Doubtless few will disagree with me that such a society never has and never will exist because, as James Madison observed long ago, human beings have “different and unequal faculties.” That is, people are born with different talents and interests, passions and predilections, which only tyrannical regimes presume seriously to challenge.
The American idea has always been that people may rise as high and as fast as they can, so long as they do not engage in force or fraud, meaning (as John Housman once said in a commercial) “they earn it.” That some people make more money or achieve greater prominence than I does not justify me in disparaging their accomplishment, not to mention seizing their wealth or tearing them down.
That European source was primarily French and German. Beginning with Jean-Jacques Rousseau and culminating in Friedrich Nietzsche, continental philosophers rejected nature or God as a standard or authority for government in favor of human will. There is only history and what human beings do in their history. Nothing is “written in stone,” therefore we may do what we wish.
Woodrow Wilson completed the first doctoral program in the United States in 1886 at Johns Hopkins University in Maryland. It was established under the influence of German intellectuals who regarded the Prussian bureaucracy, the first welfare state, as a superior form of government. In his early writings, Wilson rejected natural rights as “unscientific” and separate branches of government as inefficient and counterproductive.
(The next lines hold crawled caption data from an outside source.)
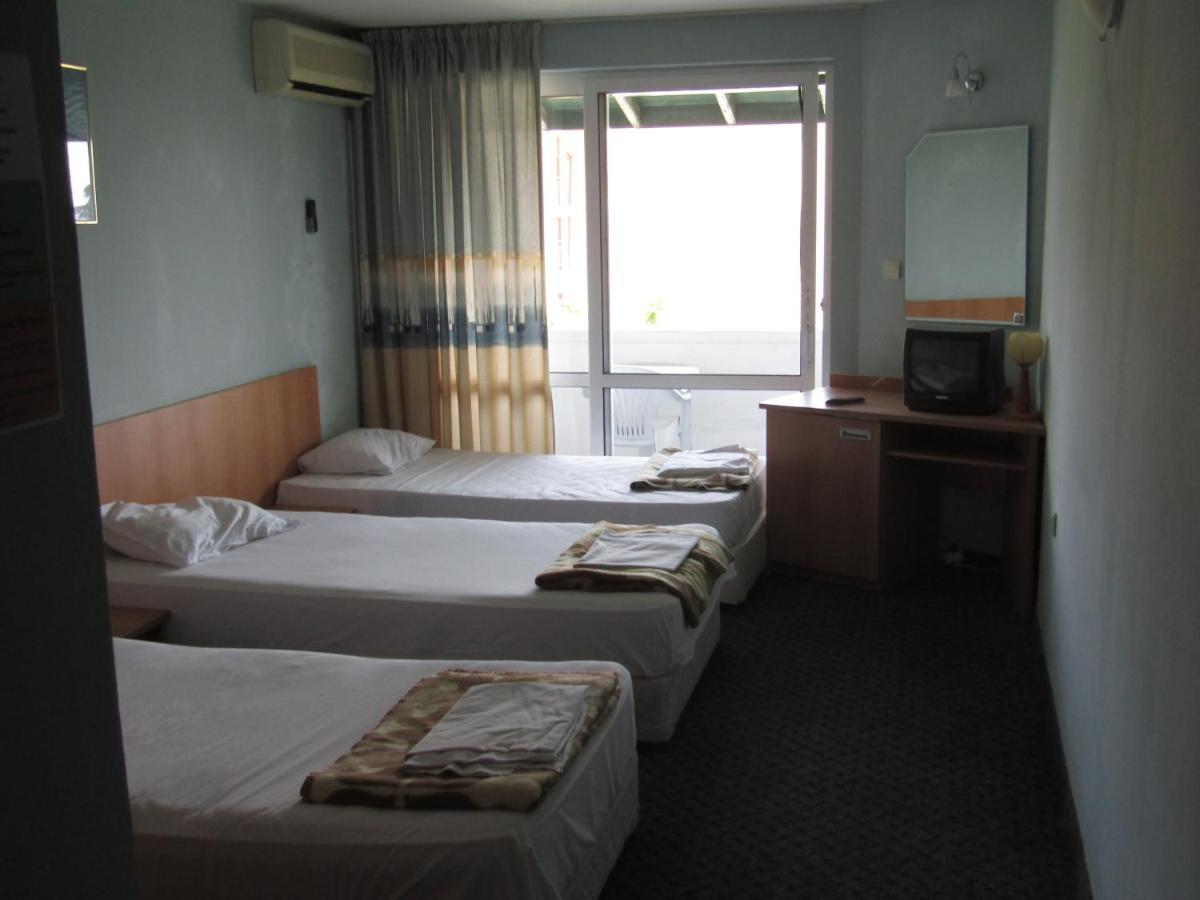 Hostel Papagal Varna Exteriör bild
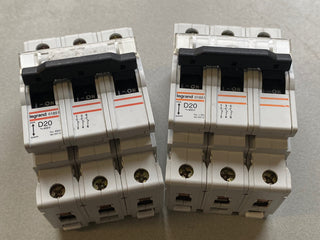 2x Legrand 01851 Leistungsschalter D20 400V 3-polig Motorschutzschalter geb0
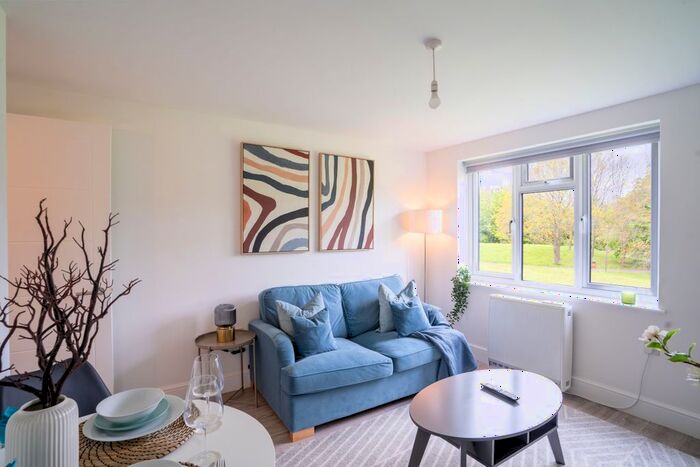 1 Bedroom Flat To Rent In Langland Road, Milton Keynes, MK6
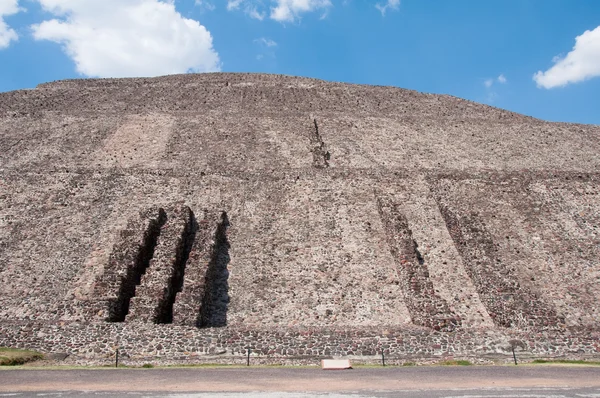 太陽 (メキシコのテオティワカンのピラミッド) — ストック写真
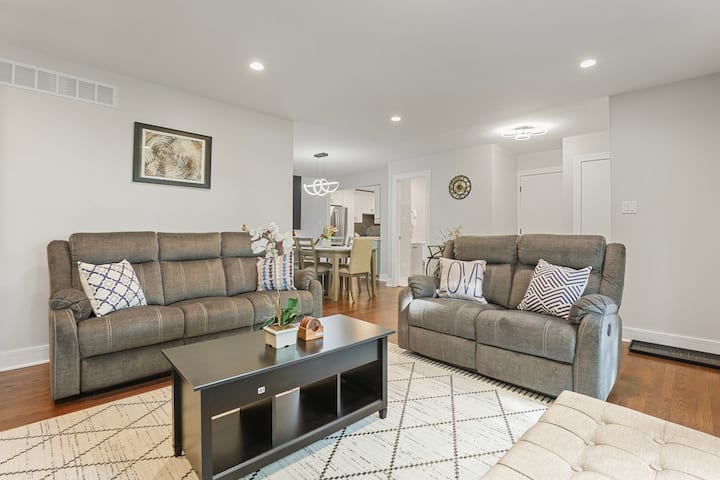 Humble: 5 Bd/4ba - Downers Grove, IL
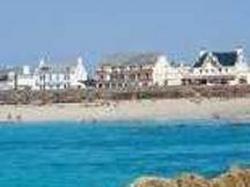 Cobo Bay Hotel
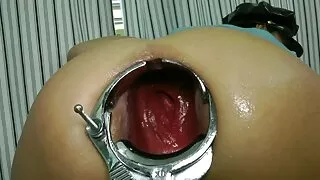 პიკაპის shoves მამალი შევიდა maiden.
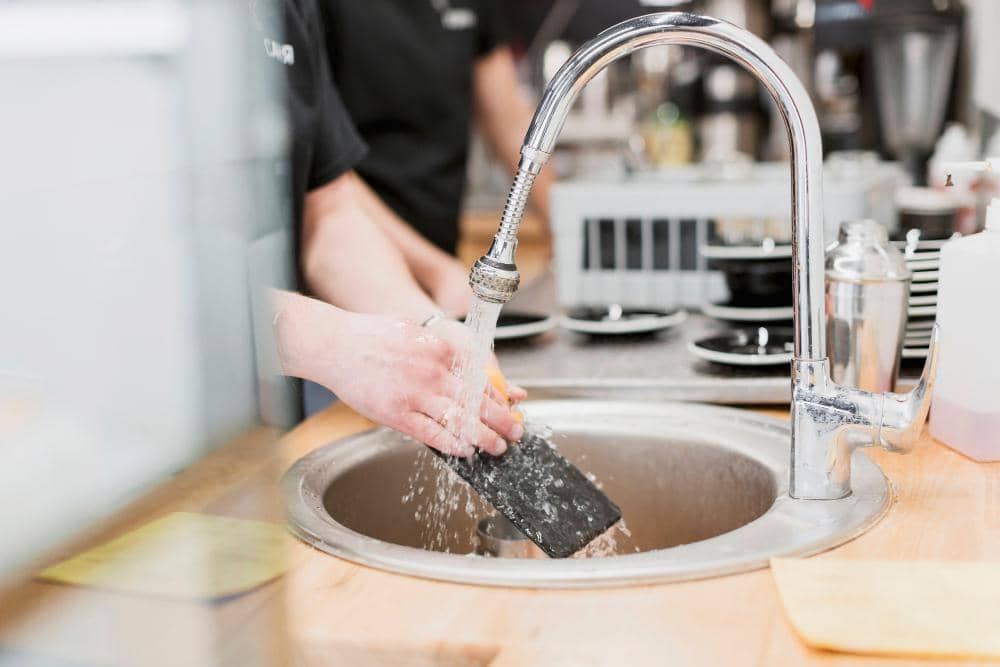 5 Cara Mengatasi Saluran Wastafel Mampet Pakai Soda Kue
As President, Wilson started the modern practice of giving State of the Union speeches directly to Congress. He believed that the President should lead and the Congress should follow, in the manner that the Prime Minister in Great Britain may pass laws without legislative opposition.
The word progress has a positive connotation, but it is actually a word that only means movement toward an objective. Not all movement is good. Running a race is different than running from the police. The best refutation of Progressivism was made by Calvin Coolidge on the sesquicentennial of the Declaration of Independence in 1926:
About the Declaration there is a finality that is exceedingly restful. It is often asserted that the world has made a great deal of progress since 1776, that we have had new thoughts and new experiences which have given us a great advance over the people of that day, and that we may therefore very well discard their conclusions for something more modern. But that reasoning cannot be applied to this great charter. If all men are created equal, that is final.
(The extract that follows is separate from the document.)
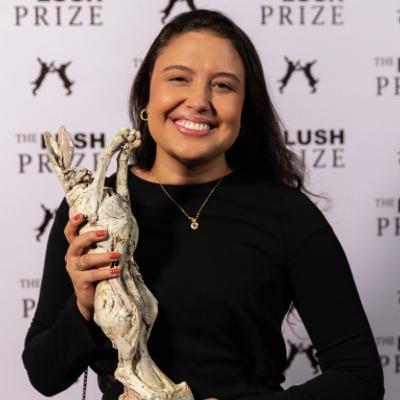 Brasileira recebe prêmio importante por pesquisa com células-tronco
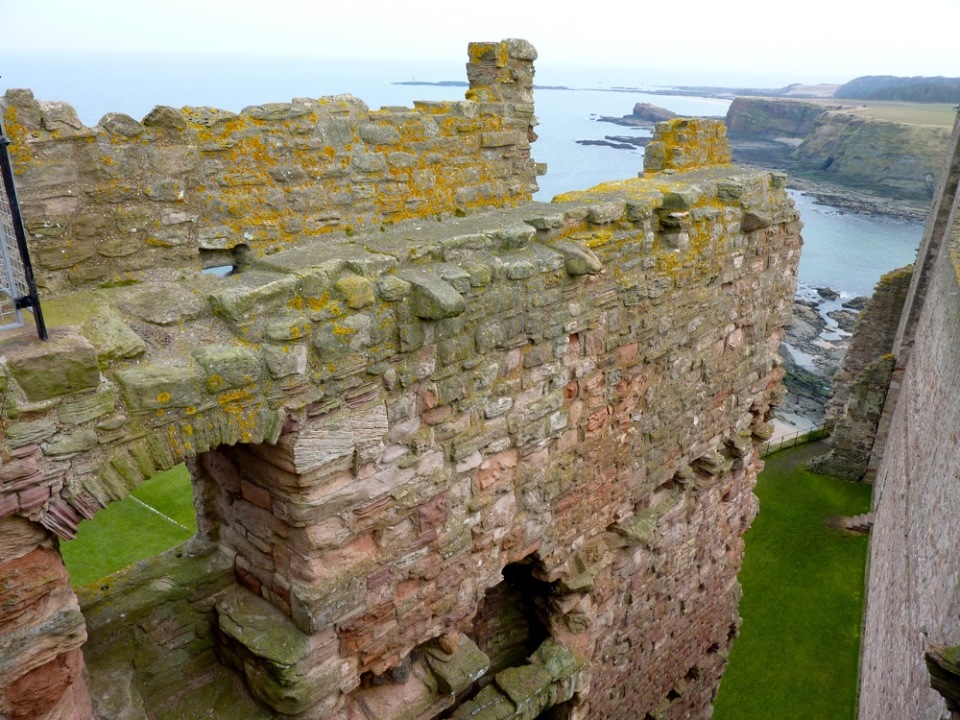 scotland_dunbar_castle.jpg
If they are endowed with inalienable rights, that is final. If governments derive their just powers from the consent of the governed, that is final. No advance, no progress can be made beyond these propositions. If anyone wishes to deny their truth or their soundness, the only direction in which he can proceed historically is not forward, but backward toward the time when there was no equality, no rights of the individual, no rule of the people. Those who wish to proceed in that direction cannot lay claim to progress. They are reactionary.
Their ideas are not more modern, but more ancient, than those of the Revolutionary fathers.
In reality, Progressivism is a fraud which purports to advance the human race but actually returns it to the political evils which we have managed to escape here in America.
ABOUT THE WRITER
Richard Reeb taught political science, philosophy and journalism at Barstow College from 1970 to 2003. He is the author of “ Taking Journalism Seriously: ‘Objectivity’ as a Partisan Cause” (University Press of America, 1999). He can be contacted at firstname.lastname@example.org.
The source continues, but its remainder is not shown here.